—Siempre ha sido una niña muy callada, demasiado. Me preocupaba el hecho de no tener que preocuparme por nada. No sé si entienden a qué me refiero.
—Sí, por supuesto.
Él se quedó mirando fijamente los bordes de su taza vacía de té, que mostraban cierto color oxidado y rechazó una segunda taza.
—Aquí está, mire.
La mujer desplegó un folleto arrugado con varias láminas que había traído especialmente para aquella visita y que por lo visto había dejado al alcance de su mano encima de la mesita del té. Incluso había una pequeña nota en medio de las páginas que estaba hojeando en aquel momento.
—¿Ve lo que quiero decir? Todos los demás ríen. Sin embargo, ella ni siquiera mira a la cámara.

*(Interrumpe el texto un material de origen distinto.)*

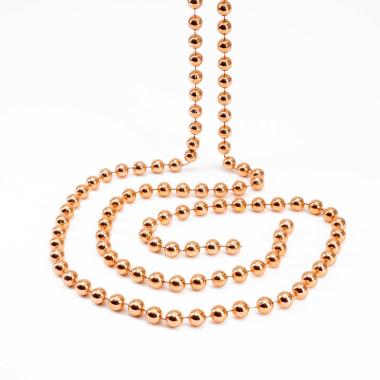 Catena Filo Perle Oro Champagne cm.Ø20 mt.2,7 |Silani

La mujer le dio la vuelta al anuario para que pudieran verlo mejor, aunque no era necesario.
Él conocía a aquella niña de rizos rubios con aparatos en los dientes. Tenía una foto suya que siempre llevaba en el bolsillo, una foto de carné en la que ella tampoco sonreía.
Cerró los ojos: la mirada de su hija le provocaba tanta nostalgia que le hacía sentir dolor.
—¿Está bien? —preguntó ella, y sus labios se contrajeron mostrando inseguridad.
Él no respondió y volvió a mirar la foto de grupo del anuario en el que la mujer también aparecía fotografiada. Se hallaba completamente al margen y llevaba unos vaqueros ajustados por debajo de una botas negras que le llegaban a la altura de las rodillas. Junto a su cabeza colgaba una pequeña estrella. Miró más abajo y vio que había otra estrella. Leyó la nota a pie de página impresa en letra pequeña.
Katja Adesi, profesora y tutora del curso 5B, colegio Waldgrund, Berlín.
—¿Ocurre algo?
—No, es sólo que…
Buscó un pañuelo en su pantalón y encontró el billete de tren arrugado que acababa de comprar aquel día en Hamburgo. De pronto quiso hacerle a la profesora todas aquellas preguntas que tanto le torturaban: ¿Cuándo se dio cuenta por primera vez?, ¿cuántos dibujos extraños como éste ha hecho en clase?, ¿existen más indicios?
—Creo que será mejor que se vaya. —Katja Adesi se levantó—. Ya he hablado demasiado. No querría tener que denunciar a nadie, ¿sabe? Probablemente estoy viendo fantasmas donde no los hay. —Ella le observó casi compadeciéndose de él y se encogió de hombros—. Lo siento.
Él se dio cuenta de que no tenía fuerzas para mover la lengua y articular una sola de sus preguntas.
—¿Entiende lo que le digo?
Su sonrisa había desaparecido.
—¿Hay alguien ahí?
La cara simétrica de la profesora empezó a desfigurarse y Caspar se estremeció casi con repulsión cuando advirtió que la voz de la mujer también cambiaba de repente.